Buffy the Vampire Slayer Season Nine: Freefall, Part II
The second issue picks up where the last one left. It’s somehow appropriate. As much as it’s kind of surreal that Buffy has to face off against a Debt Collector Demon, it’s still a demon after all and it’s still Buffy. So, of course, Buffy’s gonna kill the demon.
But as is becoming apparent, Buffy is gonna have to rethink some things and her place in them. After all, it may be a demon but it’s just doing its job. Nothing personal. Nothing malicious. So like any of us, Buffy is just gonna have to deal with it.
Jeanty did a really good job with making the poor guy pathetic. I almost wanted Buffy to pay him just so he could go back with something. And eventually she did, so props for that. I suppose if I were younger I’d sympathize with her situation right now. But it’s like I tell my younger friends, eventually it all comes down to getting the bills paid and getting the debts taken care of. That’s just life.
Still for every regression in Freefall, Part Deus there was also progress. But it’s also to-and-fro the growing doth go. Step forward. Step back. Step forward. And so on and so forth.
Step forward: She is not overreacting to Spike’s overtures. I flashed back to a similar moment in “Life Serial” where Spike is gently leading Buffy away from the demon poker table and she bats her hand off. This time she lets Spike lead her away from the demon to counsel her.
I think it’s for two reasons. One is that before she was highly aware of the physical attraction between the two of them so any touching would be considered permissible and she wanted to make it clear to him that it was not. And the other is because he was soulless, unclean, and disgustingly evil so naturally she doesn’t want to be touched by him.

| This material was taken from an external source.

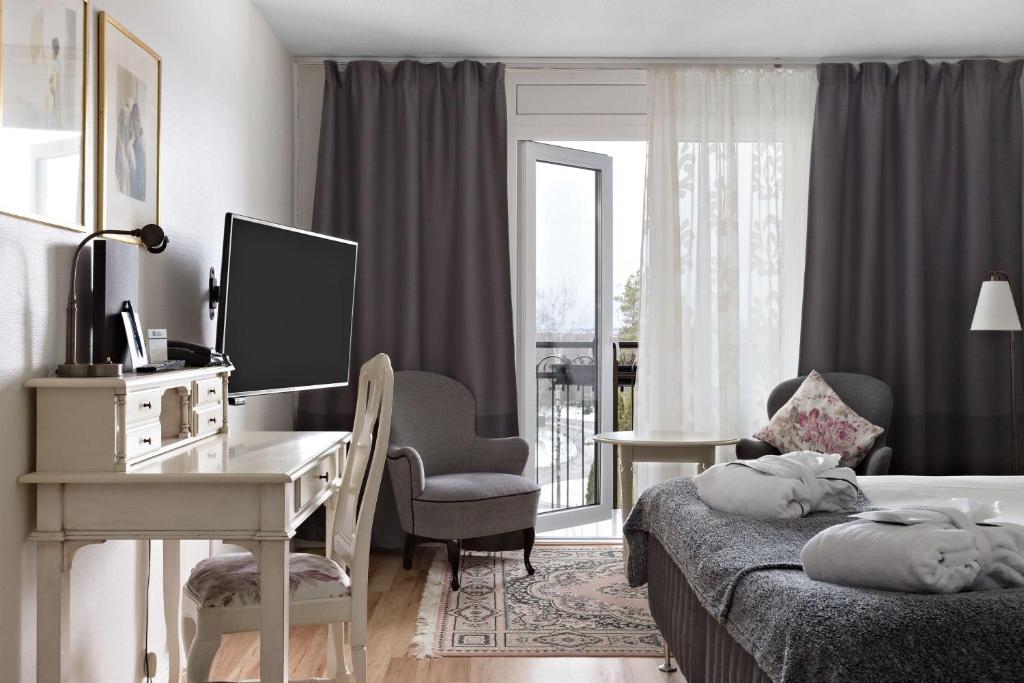TV a/nebo společenská místnost v ubytování Best Western Gustaf Froding Hotel & Konferens
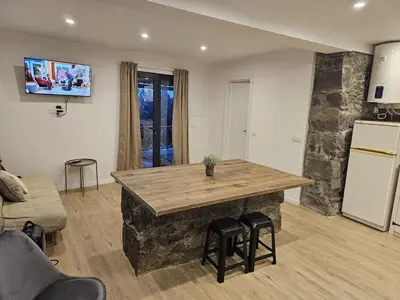 a kitchen with a large island in a living room at Villa Júlia, Mountain retreat in Santa Cruz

This time , at least from each other’s perspective, there are no romantic overtures, and Spike is all clean and soulful now. So Buffy takes this as it was probably intended. Spike offering friendly, sage words of advice. And eventually she takes his advice.
With an assist from Willow, of course. Though there is very definitely a significant step back when the Seed comes up again.
I didn’t side with Buffy over Willow here or vice versa. I think they’re each coming from the destruction of the Seed from two different perspectives. Willow thinks Buffy had time to think about what she was doing, while Buffy knows that it was just emotional instinct. But Buffy doesn’t want to revisit that traumatizing moment. But she eventually came to grips with sending Angel to Hell, so I’m thinking that it won’t stay bottled up for long.
After all, when you have demons left loose thanks to your actions, you tend to focus on these things whether you want to or not.
I thought that this would be spearheaded by the death of Tumble because--as cruel as this sounds--I thought that Buffy needed one more death on her head to get her head back in the Slay. Turns out it’s a lot simpler than that and kind of appropriate for being on the streets of San Francisco.
Some readers had a problem with Buffy’s calm and collected attitude with the police, considering this is her first time in the box, as it were. But this isn’t the first time Buffy’s had a run-in with the authorities and, of course, we Buffy fans love how much she doesn’t let authority figures faze her. If she can handle Principal Snyder, the Initiative, the Watchers’ Council, and anti-terrorism forces to boot, she can certainly handle the SFPD. Lest we forget she was pretty dismissive of Giles at first in the beginning, too. Bureaucratic institutions who continually just get in her way and are way over their heads.
At one time that might have been true. But it no longer applies. The human brain is remarkably resilient in the face of reality altering events. The human race has gotten kind of used to vampiric existence now that when a rookie cop pitches a Mulderesque idea of victim vampires to his more Scully partner, it’s at least within the realm of plausibility.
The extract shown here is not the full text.